A Constituinte de 1988 é o momento em que o problema da sub-representação política dos negros é enfrentado por forças político-partidárias favoráveis a demandas históricas democráticas do movimento negro. O que antes era um quadro de carência política passa a ser uma nova situação parlamentar: a emergente representação política negra. Um desafio explicativo para a ciência política, ao qual Rios responde com análise empírica das relações entre a elite política negra, PMDB, PDT, PT e o Parlamento.

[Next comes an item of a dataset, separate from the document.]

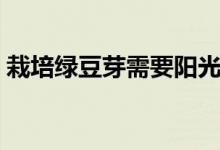栽培綠豆芽需要陽光么（栽培綠豆芽的方法）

As políticas públicas e a desigualdade racial no Brasil: 120 anos após a abolição
Mário Theodoro (org.) (Ipea, 2008)
Economistas e sociólogos se juntam nesse livro a oito mãos para uma análise histórica das consequências do racismo no desenvolvimento da estrutura social. Tendo como fio condutor essa desigualdade racial, analisam temas relacionados ao mercado de trabalho, regime político, mobilidade social, demografia, estratificação social e – o que mais nos interessa a essa altura da bibliografia – as políticas públicas de promoção da igualdade racial e construção de um futuro melhor para os negros. Os autores põem em questão o modelo de Estado, democracia e políticas públicas que desconsiderava efeitos da discriminação racial na reprodução da pobreza. Partem depois para a trajetória de políticas inclusivas, chegando às primeiras que foram coordenadas pela Seppir (Secretaria Especial de Políticas de Promoção da Igualdade Racial).

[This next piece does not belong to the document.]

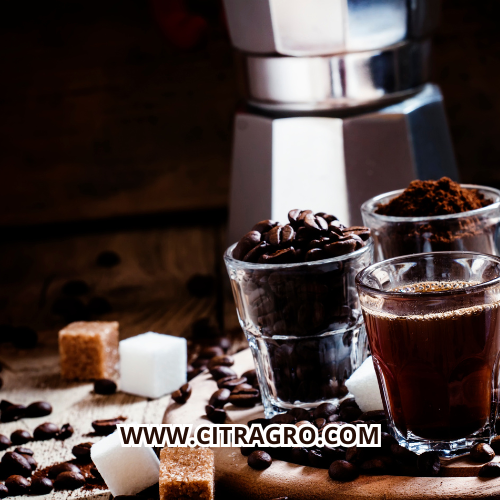 ORIGINAL SUMATERA ROBUSTA COFFEE FROM CITRAGRO INDONESIA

Alguns podem achar que já apresentamos esses temas no início da bibliografia, mas é preciso ter clareza de que os autores desta coletânea são críticos de Florestan Fernandes e mais próximos de Carlos Hasenbalg em “Discriminação e desigualdades raciais no Brasil”. Saber disso é interessante porque o debate tende a crescer com divergências teóricas e os pesquisadores podem desenvolver sua própria visão.
De certa forma, podemos dizer que as análises de “As políticas públicas e a desigualdade racial no Brasil” são atualizadas por outros estudos e pesquisas do Ipea, como o livro A construção de uma política de promoção da igualdade racial, organizado por Luciana Jaccoud, e a seção chamada Igualdade Racial presente em vários números do Boletim de Políticas Sociais: Acompanhamento e Análise.